In one of his research studies, looking at fathers and 3-year-olds, the effects of the father’s involvement on the child’s attachment varied depending on whether the involvement was play or caregiving, and whether it happened on workdays or non-workdays.

Research has shown that fathers’ involvement has lots of benefits, Dr. Garfield said. “We know that fathers use different words than mothers, and that helps develop the child’s expressive vocabulary, they use different language when out and about in the world.” Fathers are more likely to engage in “rough and tumble” play, he said, and they often keep changing the rules, which can be very exciting for children and helps them learn.

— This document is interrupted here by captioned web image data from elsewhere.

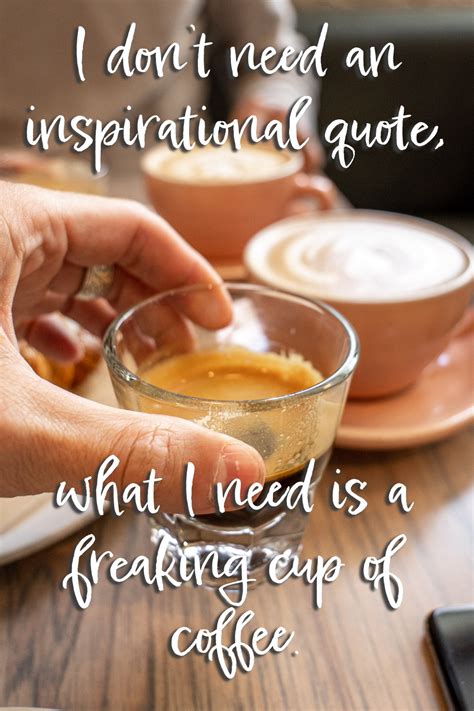 55 Funny and Inspirational Coffee Quotes! (2024)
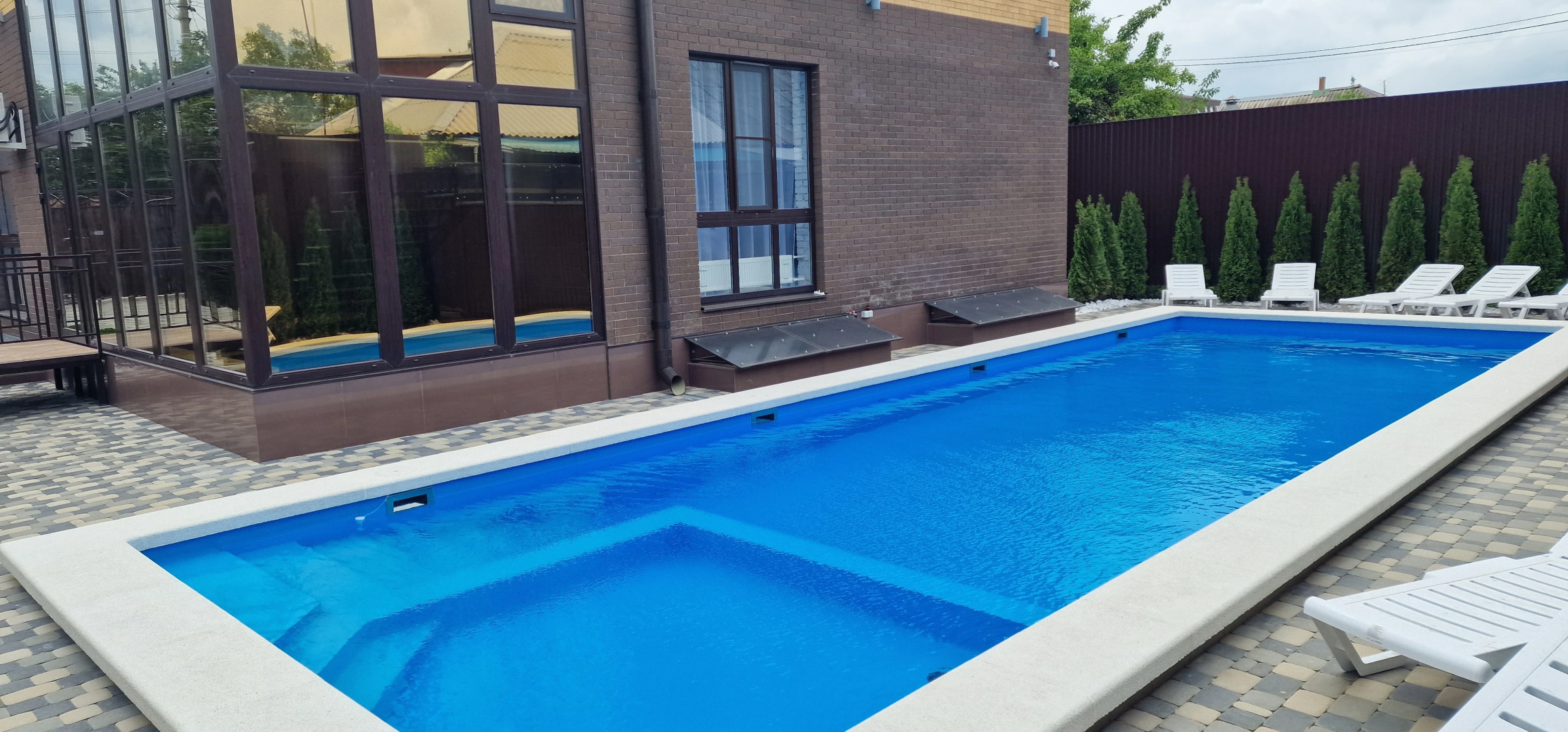 Апартаменты Чапаева 5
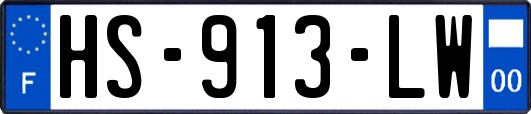HS-913-LW
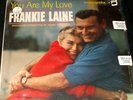 FRANKIE LAINE You are My Love LP STILL SEALED ORIGINAL 1959 COLUMBIA CL-1317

In the poll, 32 percent of the fathers had been criticized for being too rough, and 32 percent for not paying attention to their children. “Some things are unique to dads,” Ms. Clark said. “Being too rough and not paying attention play into some of the gender stereotypes still present in our society.”

[Read about a new ban in Britain on ads depicting gender stereotypes such as men being unable to change diapers.]

Fathers tend to engage with their children in more physically active ways, Dr. Brown said, and tend to take more risks and encourage exploration. “They might be engaging with their kids in a way, not just not harmful but actually helpful, but different from mothers.”

Mothers sometimes note with irritation that fathers may get a great deal of praise just for showing up or for getting a child dressed. But it’s insulting when fathers “face the assumption that we’re babysitting rather than parenting,” Dr. Hill said. “You wouldn’t praise a woman for getting the barrettes in straight.” A father might hear something like, “Wow, her hair is combed, congratulations!”